Input data:

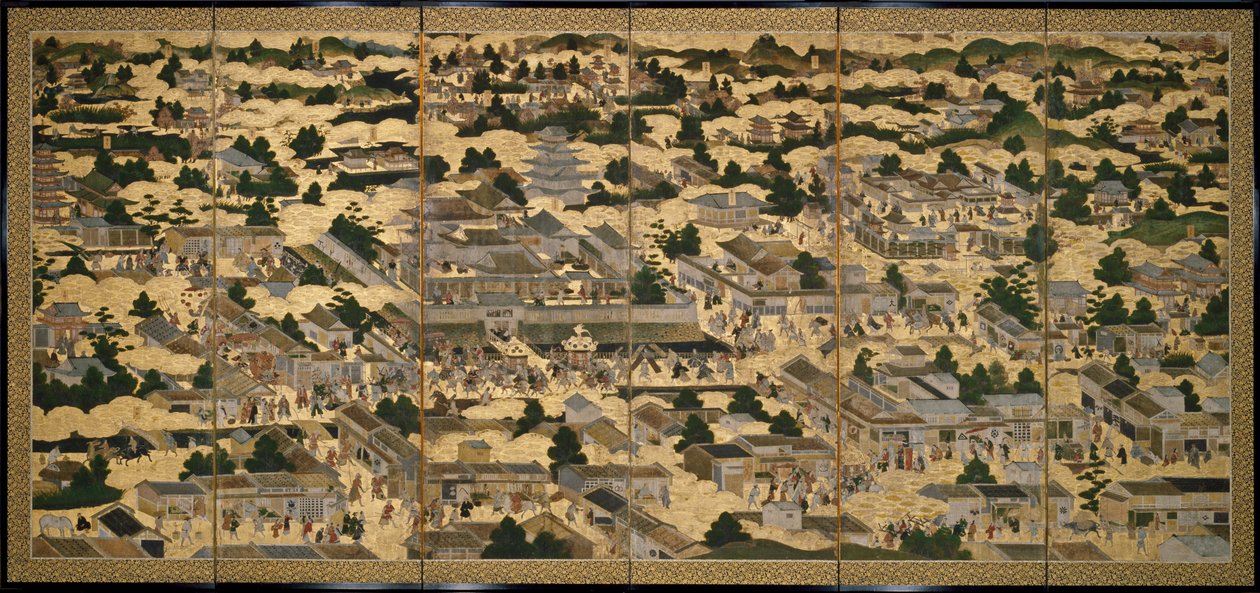 洛中洛外図》 1616-24年頃 紙本墨画・彩色・金箔 作： 日本語学校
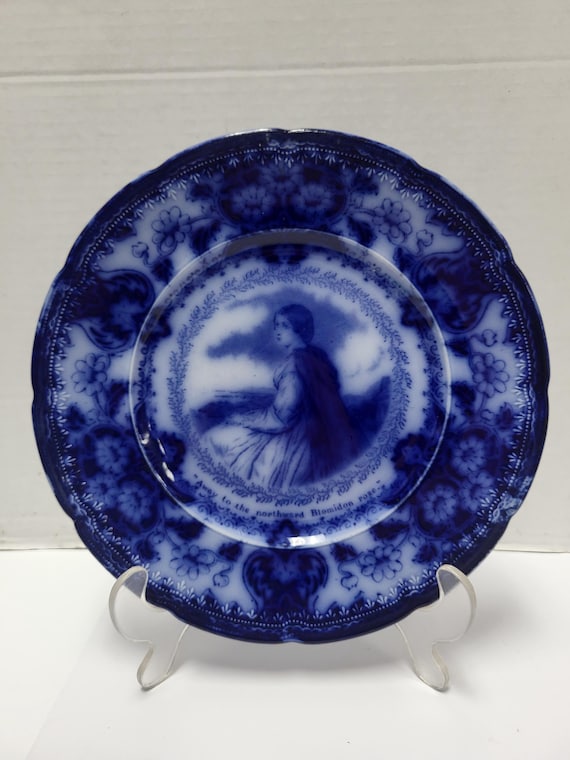 Flow Blue Evangeline Longfellow Plate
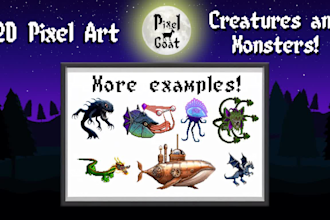 create iconic 2d pixel art monsters for your video game
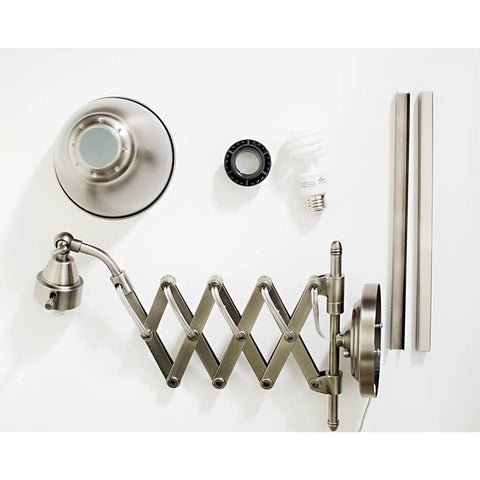 Industrial Swing Arm Wall Lamp With Antique Nickel Finish components laid out, including 6 inch shade and adjustable arm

Work to complete:
Without the pictures, retype the whole of the material above exactly.

Answer space:
 洛中洛外図》 1616-24年頃 紙本墨画・彩色・金箔 作： 日本語学校
 Flow Blue Evangeline Longfellow Plate
 create iconic 2d pixel art monsters for your video game
 Industrial Swing Arm Wall Lamp With Antique Nickel Finish components laid out, including 6 inch shade and adjustable arm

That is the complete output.